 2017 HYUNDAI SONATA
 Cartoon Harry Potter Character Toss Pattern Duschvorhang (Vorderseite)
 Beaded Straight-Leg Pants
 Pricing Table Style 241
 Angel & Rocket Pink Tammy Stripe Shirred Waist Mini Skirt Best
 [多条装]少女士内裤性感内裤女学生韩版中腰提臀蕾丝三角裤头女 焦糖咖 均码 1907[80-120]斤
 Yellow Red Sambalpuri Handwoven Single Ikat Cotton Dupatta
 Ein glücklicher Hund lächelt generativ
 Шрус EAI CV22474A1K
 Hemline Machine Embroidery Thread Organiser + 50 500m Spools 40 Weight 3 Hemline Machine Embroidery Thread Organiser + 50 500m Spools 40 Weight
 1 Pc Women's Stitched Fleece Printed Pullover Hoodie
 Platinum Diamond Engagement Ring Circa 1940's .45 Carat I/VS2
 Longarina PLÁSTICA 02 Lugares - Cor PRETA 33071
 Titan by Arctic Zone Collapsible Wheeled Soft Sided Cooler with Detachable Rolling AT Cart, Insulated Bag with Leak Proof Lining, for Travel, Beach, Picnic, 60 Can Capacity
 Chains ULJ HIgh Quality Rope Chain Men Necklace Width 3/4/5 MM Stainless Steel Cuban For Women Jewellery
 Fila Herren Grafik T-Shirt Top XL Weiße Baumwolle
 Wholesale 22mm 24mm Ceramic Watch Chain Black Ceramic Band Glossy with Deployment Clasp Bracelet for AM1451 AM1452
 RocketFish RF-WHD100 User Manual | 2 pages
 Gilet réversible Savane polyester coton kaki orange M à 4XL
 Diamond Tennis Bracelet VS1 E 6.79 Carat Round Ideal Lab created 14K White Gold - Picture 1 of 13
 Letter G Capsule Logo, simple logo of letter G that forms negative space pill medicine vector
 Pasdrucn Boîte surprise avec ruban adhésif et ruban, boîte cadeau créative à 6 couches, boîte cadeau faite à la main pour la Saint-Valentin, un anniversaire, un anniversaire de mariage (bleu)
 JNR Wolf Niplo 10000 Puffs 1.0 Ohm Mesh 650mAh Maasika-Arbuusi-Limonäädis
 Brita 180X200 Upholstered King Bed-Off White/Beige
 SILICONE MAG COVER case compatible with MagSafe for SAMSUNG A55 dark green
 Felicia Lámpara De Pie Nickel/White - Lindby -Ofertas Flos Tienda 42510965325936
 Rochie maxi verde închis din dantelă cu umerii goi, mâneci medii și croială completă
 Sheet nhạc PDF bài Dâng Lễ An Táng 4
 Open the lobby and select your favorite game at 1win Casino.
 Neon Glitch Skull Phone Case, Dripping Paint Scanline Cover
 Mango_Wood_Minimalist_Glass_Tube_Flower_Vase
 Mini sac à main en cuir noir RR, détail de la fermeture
__________________________________________________
▸ Task:
From the first line of the data above through the line containing "Letter G Capsule", repeat each line exactly, and add nothing.

▸ Response below:
 2017 HYUNDAI SONATA
 Cartoon Harry Potter Character Toss Pattern Duschvorhang (Vorderseite)
 Beaded Straight-Leg Pants
 Pricing Table Style 241
 Angel & Rocket Pink Tammy Stripe Shirred Waist Mini Skirt Best
 [多条装]少女士内裤性感内裤女学生韩版中腰提臀蕾丝三角裤头女 焦糖咖 均码 1907[80-120]斤
 Yellow Red Sambalpuri Handwoven Single Ikat Cotton Dupatta
 Ein glücklicher Hund lächelt generativ
 Шрус EAI CV22474A1K
 Hemline Machine Embroidery Thread Organiser + 50 500m Spools 40 Weight 3 Hemline Machine Embroidery Thread Organiser + 50 500m Spools 40 Weight
 1 Pc Women's Stitched Fleece Printed Pullover Hoodie
 Platinum Diamond Engagement Ring Circa 1940's .45 Carat I/VS2
 Longarina PLÁSTICA 02 Lugares - Cor PRETA 33071
 Titan by Arctic Zone Collapsible Wheeled Soft Sided Cooler with Detachable Rolling AT Cart, Insulated Bag with Leak Proof Lining, for Travel, Beach, Picnic, 60 Can Capacity
 Chains ULJ HIgh Quality Rope Chain Men Necklace Width 3/4/5 MM Stainless Steel Cuban For Women Jewellery
 Fila Herren Grafik T-Shirt Top XL Weiße Baumwolle
 Wholesale 22mm 24mm Ceramic Watch Chain Black Ceramic Band Glossy with Deployment Clasp Bracelet for AM1451 AM1452
 RocketFish RF-WHD100 User Manual | 2 pages
 Gilet réversible Savane polyester coton kaki orange M à 4XL
 Diamond Tennis Bracelet VS1 E 6.79 Carat Round Ideal Lab created 14K White Gold - Picture 1 of 13
 Letter G Capsule Logo, simple logo of letter G that forms negative space pill medicine vector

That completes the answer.